In 2009 we met another strain of the flu, H1N1, commonly known as Swine Flu. The crisis lasted until 2010, infecting 1 in 5 people in the world. The death figures were controversial because the WHO placed them at 18,500, but a study in The Lancet magazine estimated between 150,000 and 575,000 deaths. This is due to the difficulty that some countries had in counting the real deaths caused by the virus. In any case, the deaths were many more than in the previous crisis, and 64% of the victims were under 64 years old, according to the WHO. However, the activity on social networks and media was also not memorable. The reason could be in the youth of the first.
But in August 2014, the epidemic would arrive that would change the health crisis communication paradigm, the first in which social networks were an important part of it: the Ebola crisis. The virus outbreak began in Sierra Leone, Liberia, and Guinea Conakry, and the majority of those infected were in Africa, a permanently battered continent. However, the United States, Great Britain, and Spain had infected patients. Therefore, the western media paid special attention to an epidemic that left 28,602 infected and 11,301 dead, according to the WHO. That year, Facebook already had 1.23 billion users, and Twitter with 248 million.
The COVID-19 crisis will mark a before and after health communication, especially in the traditional and digital media field. With more than 207,000 infected, more than 8,600 deaths, and 166 countries affected as of March 19, 2020, the pandemic’s media coverage is unprecedented. In the first weeks, when the crisis broke out in China, the coverage was still moderate, as the conversation on social networks.
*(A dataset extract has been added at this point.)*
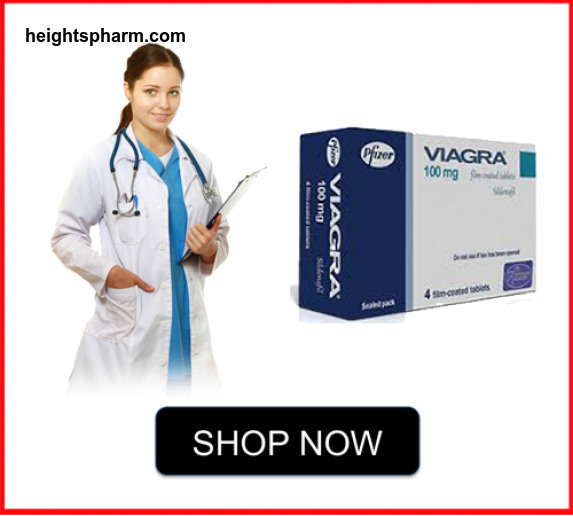 Köpa Viagra Utan Recept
When the virus crossed borders, the information drip was unstoppable, and the conversation on social networks was constant. As these lines are being written, # Covid_19 are trending topics in the world. The difference in social networks? Today Facebook has more than 2,400 million users and Twitter with more than 340 million.
That is the trend that began to emerge some time ago and that now seems to be fully implemented: the ability of social networks to set the media plan. Will the media be able to protect itself from this epidemic?